══ Extracted records

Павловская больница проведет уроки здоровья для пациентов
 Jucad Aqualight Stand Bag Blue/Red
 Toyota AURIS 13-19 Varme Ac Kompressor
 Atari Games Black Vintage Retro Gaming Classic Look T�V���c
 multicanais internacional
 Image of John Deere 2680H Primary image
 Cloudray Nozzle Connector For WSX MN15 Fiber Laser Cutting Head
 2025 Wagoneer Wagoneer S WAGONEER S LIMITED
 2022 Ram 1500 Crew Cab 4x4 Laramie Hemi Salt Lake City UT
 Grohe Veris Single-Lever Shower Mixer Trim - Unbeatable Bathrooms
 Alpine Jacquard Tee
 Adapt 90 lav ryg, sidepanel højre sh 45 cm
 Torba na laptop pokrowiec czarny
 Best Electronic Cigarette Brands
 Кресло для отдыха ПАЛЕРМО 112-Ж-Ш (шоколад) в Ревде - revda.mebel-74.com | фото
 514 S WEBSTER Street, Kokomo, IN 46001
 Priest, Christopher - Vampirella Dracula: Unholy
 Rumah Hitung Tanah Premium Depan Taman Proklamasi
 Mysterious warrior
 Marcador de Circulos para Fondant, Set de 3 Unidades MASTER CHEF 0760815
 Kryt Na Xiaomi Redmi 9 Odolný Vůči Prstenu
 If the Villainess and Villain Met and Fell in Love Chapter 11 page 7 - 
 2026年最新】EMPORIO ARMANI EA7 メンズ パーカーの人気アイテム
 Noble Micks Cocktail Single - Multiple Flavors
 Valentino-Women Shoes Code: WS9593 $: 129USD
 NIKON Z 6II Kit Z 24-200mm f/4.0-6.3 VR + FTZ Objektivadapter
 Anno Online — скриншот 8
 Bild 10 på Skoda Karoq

════

> _Problem details_:
Starting at the line above that contains "2022 Ram 1500", write out each line exactly until the line that contains "If the Villainess" has been written, and stop there.

> _Result_:
 2022 Ram 1500 Crew Cab 4x4 Laramie Hemi Salt Lake City UT
 Grohe Veris Single-Lever Shower Mixer Trim - Unbeatable Bathrooms
 Alpine Jacquard Tee
 Adapt 90 lav ryg, sidepanel højre sh 45 cm
 Torba na laptop pokrowiec czarny
 Best Electronic Cigarette Brands
 Кресло для отдыха ПАЛЕРМО 112-Ж-Ш (шоколад) в Ревде - revda.mebel-74.com | фото
 514 S WEBSTER Street, Kokomo, IN 46001
 Priest, Christopher - Vampirella Dracula: Unholy
 Rumah Hitung Tanah Premium Depan Taman Proklamasi
 Mysterious warrior
 Marcador de Circulos para Fondant, Set de 3 Unidades MASTER CHEF 0760815
 Kryt Na Xiaomi Redmi 9 Odolný Vůči Prstenu
 If the Villainess and Villain Met and Fell in Love Chapter 11 page 7 - 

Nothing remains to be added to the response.